Saturday, July 30, 2005

 

Do I know lounge singers, or just the future?

We've left the friendly confines of My Home Town for the weekend to attend B's family reunion up in Strange City. We find ourselves waiting in the bar of one of those funster chain restaurants, TGI SBWMI Friday's, I think is the name. (Thank God I'm Sitting in a Bar Waiting for My Inlaws on a Friday.)

Just as we sit down, the lounge act -- a classic late 70s folk-pop cover "artist" with an acoustic guitar and a synthesizer -- wraps up Wastin' Away Again in Margaritaville. He warns that he'll be back for another set, and as he packs up, the bar's recorded music comes on with Van Morrison's Moondance. This dialogue ensues.
Oscar: Twenty bucks says he plays Moondance in his next set.
B: How do you know that?
Oscar: I know his entire repertoire.
B: From hearing him play one song?
Oscar: Okay, either Moondance or Brown Eyed Girl.
Fifteen minutes later, he's back.
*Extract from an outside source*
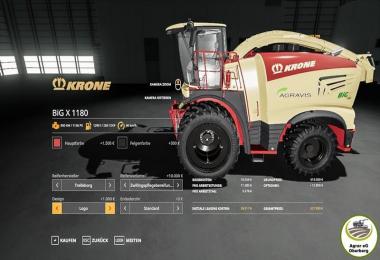 Krone BigX 1180 By Agrar eG Oberberg v1.2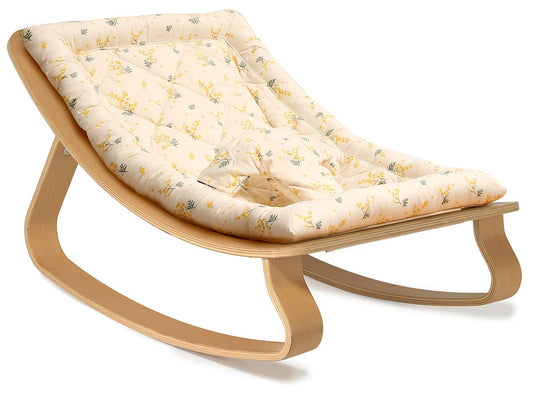 Charlie Crane LEVO Baby Rocker - Beech / Garbo & Friends Mimosa - LEVO-MIMOSA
He opens the set with a langorous jazzy-blues two-chord progression: Doot ... dooooooo...doot ... doooooo...

Moondance.

Five songs later, Brown Eyed Girl.

Do I rule, or what?

**

Comments:
I think if you want lounge singers in bars of chain restaruants to have a more sophisticated repetoire, you'd have to convice the bar to pay them more than 50 dollars for the evening. For 50 (or 100 bucks, which is the usual going rate for a lounge act of that caliber), the fellow isn't going to learn or sequence any new songs. I know I wouldn't.

Which is why I was so surprised 20 or so years ago in a Holiday Inn (when those were still around) in Some Place Far Away From Home to find a trio doing most of Steely Dan - and quite admiriably, too.